For all we have problems and issues to tackle in teaching, I still love my job. I'm lucky enough, though, to work in a department where things like this turn up on the filing cabinet.

In addition, you would be amazed how many rivals Microsoft has in our students minds- one Entry 2 student told me he wanted to learn about Microscope Powerpoint- the slides are really small. Still another wanted to use Sherlock Holmes's brother's IT company- Mycroft.

The perils of last year's worksheets...

You know, you'd think I would have learned by now that a worksheet, even a recent one, can be fraught with perils if you're silly enough to think "Hey, that's fine, it doesn't need anything changing"- and this when I was altering other worksheets!

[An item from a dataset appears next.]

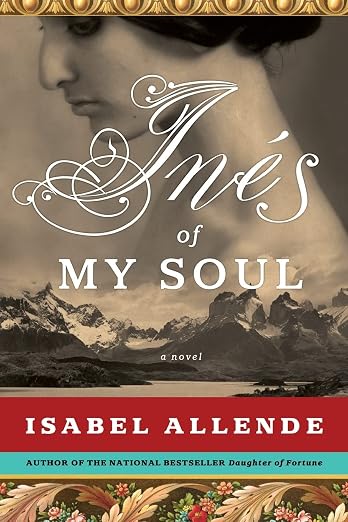 Ines of My Soul LP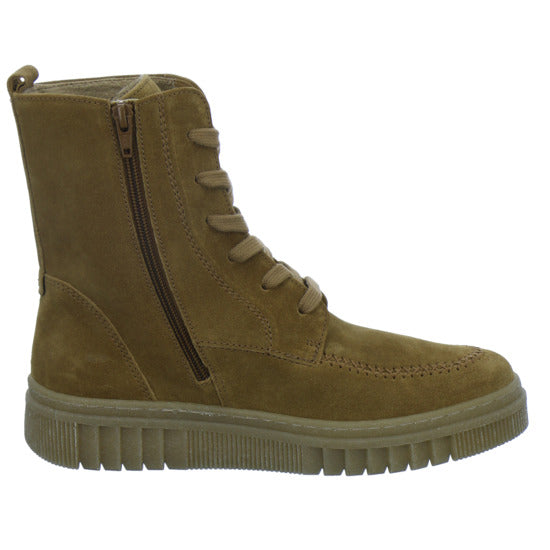Gabor Stiefel Damen Mittelbraun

It is most definitely a con of using them in terms of resources- they become out of date. This is especially true of Internet worksheets. You would think that a webquest involving jobs on the internet would be reliable enough. OH no. Of COURSE, the sheet asks the students to write down how many jobs there are in Nursing this week on the Reed website, in the students' local area. Fine, yes? No. NATURALLY, there are NO jobs in nursing listed this week. Which of course causes merry hell. ESOL students are daunted enough by IT, without problems like this cropping up. We have enough trouble with Microsoft Word, which keeps coming up with at least 3 pop-up windows asking the students about macros. MACROS! Most of them are just about able to save and print, and to log in given 5 or 10 minutes, or at the higher end of Entry 2, to insert clip-art from the internet. Extra windows mean they flounder, helpless in a sea of supposedly useful bits of information. I do wish the college would think about these things before installing all kinds of exciting new programmes on the computers. MOST of the students who use them will have no trouble. But MOST is not ALL, and it causes no end of wasting of class time.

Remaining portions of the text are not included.